3.1 Design for Asynchronous Execution

When programming with threads, always keep in mind that the execution of a thread is inherently asynchronous with respect to other threads running the system (or in the process). You cannot depend upon any synchronization between two threads unless you explicitly code that synchronization into your program using one of the following:

Mutexes
A properly tested application predicate loop on a condition variable
A call to join with a thread you expect to terminate
An equivalent platform dependent programming construct (such as VAX interlocked instructions; or Alpha load locked/store conditional sequences)

Some existing implementations of threads operate by context switching threads in user mode, within a single operating system process. Context switches between such threads occur only at relatively determinate times, such as when you make a blocking call to the threads library or when a timeslice interrupt occurs. This type of threading library might be termed "slightly asynchronous" because, with such a library, you can get away with many errors.

Systems that support kernel threads are less forgiving because context switches between threads can occur more frequently, and for less deterministic reasons.
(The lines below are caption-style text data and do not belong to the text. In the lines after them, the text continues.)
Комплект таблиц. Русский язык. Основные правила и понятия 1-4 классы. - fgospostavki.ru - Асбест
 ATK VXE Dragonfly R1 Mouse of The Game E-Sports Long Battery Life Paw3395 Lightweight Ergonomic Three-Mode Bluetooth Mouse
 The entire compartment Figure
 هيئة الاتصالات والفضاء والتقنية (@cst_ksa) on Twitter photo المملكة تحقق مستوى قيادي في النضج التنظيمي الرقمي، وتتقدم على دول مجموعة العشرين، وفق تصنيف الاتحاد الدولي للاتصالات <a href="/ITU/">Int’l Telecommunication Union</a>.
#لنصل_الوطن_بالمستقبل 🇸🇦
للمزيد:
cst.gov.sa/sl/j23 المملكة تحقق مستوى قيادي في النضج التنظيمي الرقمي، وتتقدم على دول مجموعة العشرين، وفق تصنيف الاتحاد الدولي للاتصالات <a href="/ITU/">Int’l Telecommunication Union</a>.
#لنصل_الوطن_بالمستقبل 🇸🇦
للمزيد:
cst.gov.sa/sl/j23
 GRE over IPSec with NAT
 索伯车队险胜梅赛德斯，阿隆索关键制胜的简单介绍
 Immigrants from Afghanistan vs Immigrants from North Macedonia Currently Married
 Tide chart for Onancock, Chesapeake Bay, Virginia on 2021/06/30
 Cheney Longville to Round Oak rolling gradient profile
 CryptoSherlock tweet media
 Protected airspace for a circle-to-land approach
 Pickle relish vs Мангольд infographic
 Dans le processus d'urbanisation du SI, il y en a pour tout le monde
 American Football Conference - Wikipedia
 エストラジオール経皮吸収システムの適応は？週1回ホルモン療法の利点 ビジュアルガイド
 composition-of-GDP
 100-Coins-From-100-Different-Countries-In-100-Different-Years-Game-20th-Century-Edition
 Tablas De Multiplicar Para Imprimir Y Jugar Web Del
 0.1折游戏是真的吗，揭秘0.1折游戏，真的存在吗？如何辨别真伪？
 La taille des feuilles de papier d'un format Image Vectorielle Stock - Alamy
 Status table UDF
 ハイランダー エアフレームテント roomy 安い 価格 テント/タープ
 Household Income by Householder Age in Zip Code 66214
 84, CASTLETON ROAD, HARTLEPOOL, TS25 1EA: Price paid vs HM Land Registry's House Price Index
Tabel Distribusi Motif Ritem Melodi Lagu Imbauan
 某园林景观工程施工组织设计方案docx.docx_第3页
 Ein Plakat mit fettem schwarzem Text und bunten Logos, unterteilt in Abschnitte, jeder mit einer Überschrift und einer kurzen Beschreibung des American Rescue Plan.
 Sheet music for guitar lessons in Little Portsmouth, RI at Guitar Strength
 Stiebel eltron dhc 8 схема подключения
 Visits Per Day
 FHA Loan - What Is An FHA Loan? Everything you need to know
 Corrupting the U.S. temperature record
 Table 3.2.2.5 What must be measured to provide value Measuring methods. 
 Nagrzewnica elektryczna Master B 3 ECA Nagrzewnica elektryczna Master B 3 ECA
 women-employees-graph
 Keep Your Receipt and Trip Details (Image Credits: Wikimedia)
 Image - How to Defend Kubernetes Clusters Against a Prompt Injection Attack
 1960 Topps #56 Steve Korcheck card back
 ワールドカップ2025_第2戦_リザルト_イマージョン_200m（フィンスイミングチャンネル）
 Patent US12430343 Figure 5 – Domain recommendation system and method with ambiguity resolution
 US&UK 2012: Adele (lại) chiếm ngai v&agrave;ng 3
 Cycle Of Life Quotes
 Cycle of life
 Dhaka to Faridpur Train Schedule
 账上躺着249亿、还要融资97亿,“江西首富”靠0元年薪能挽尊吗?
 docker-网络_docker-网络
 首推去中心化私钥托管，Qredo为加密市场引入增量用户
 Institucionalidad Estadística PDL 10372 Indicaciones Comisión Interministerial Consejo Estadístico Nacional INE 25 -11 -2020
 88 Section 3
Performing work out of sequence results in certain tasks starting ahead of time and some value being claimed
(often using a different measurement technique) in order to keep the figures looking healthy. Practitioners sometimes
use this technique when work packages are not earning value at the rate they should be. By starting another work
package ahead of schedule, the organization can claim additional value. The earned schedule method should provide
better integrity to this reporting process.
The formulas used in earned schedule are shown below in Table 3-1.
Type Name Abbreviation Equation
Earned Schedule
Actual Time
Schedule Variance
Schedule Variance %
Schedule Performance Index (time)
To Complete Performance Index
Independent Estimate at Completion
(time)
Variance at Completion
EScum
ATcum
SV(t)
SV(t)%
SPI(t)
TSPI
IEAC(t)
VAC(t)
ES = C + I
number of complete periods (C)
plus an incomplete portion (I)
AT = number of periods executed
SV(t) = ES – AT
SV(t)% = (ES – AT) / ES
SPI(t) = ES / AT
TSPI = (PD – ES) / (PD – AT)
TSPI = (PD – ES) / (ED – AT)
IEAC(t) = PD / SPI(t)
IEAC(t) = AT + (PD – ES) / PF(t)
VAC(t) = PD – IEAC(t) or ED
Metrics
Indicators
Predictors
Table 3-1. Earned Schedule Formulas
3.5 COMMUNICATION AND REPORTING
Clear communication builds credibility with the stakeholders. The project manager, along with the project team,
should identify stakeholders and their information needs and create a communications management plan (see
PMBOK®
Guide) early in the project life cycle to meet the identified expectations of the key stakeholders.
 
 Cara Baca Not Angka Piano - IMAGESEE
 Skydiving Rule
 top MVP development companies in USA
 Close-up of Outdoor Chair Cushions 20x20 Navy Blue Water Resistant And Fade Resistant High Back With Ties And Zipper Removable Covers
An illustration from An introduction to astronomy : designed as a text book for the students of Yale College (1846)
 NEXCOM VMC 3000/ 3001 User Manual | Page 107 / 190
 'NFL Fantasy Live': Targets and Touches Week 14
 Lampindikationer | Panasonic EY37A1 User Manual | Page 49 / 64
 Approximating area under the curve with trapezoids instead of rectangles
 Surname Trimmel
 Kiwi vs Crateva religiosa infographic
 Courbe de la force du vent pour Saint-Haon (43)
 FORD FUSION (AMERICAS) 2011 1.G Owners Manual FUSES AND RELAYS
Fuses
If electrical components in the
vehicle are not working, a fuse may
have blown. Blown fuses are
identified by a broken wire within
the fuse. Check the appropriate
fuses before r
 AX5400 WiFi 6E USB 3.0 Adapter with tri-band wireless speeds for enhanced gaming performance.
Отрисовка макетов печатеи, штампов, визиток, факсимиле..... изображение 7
Systems that allow threads within a single process to run simultaneously on multiple processors are even less forgiving.

Some examples of common programming errors that may work often under some implementations but not at all under others are as follows:

Creating a thread with an argument that points to stack local data, or to global or static data that is serially reused for a sequence of threads.
There is no guarantee of when a thread will start. It can start immediately or not for a significant period of time, depending on the priority of the thread in relation to other threads that are currently running. When a thread will start can also depend on the behavior of other processes, as well as on other threaded subsystems within the current process.
Specifically, the thread started with a pointer to stack local data may not start until the creating thread's routine has returned, and the storage may have been changed by other calls. The thread started with a pointer to global or static data may not start until the storage has been reused to create another thread.
Initializing DECthreads objects (such as mutexes) or global data that is to be used by another thread after creating the thread.
On slightly asynchronous systems this is often safe because the thread will probably not run until the creator blocks. Thus, the error can go undetected initially. On another system (or in a later release of the operating system) that supports kernel threading, the created thread may run immediately, before the data has been initialized. This can lead to failures that are difficult to detect. Note that a thread may run to completion before the call that created it returns to the creator. The system load may affect the timing as well.
Using scheduling policy and priority as a synchronization mechanism.
In a uniprocessor system, only one thread can run at a time, and when a high-priority thread becomes runnable it immediately pre-empts a lower priority running thread. Therefore, a thread running at high priority might erroneously be presumed to not need a mutex to access shared data.
On a multiprocessor system, high and low-priority threads are likely to run at the same time. Situations can even arise where high-priority threads are waiting to run while the threads that are running have a lower priority.
Even if you know that your code is only going to run on a uniprocessor implementation, never try to use scheduling instead of synchronization. Your code will be safer, more portable, and upwardly compatible to a new release of the system with SMP support, if you design the code correctly in the first place.

Before you create a thread, you should set up all requirements that the thread will need to execute. If you need to set the thread scheduling parameters, for example, do so with attributes objects when you create it, rather than trying to use pthread_setschedparam or other routines afterwards. If you need to set global data for the thread or create synchronization objects, do these before you create the thread or set them in a pthread_once initialization routine that is called from each thread.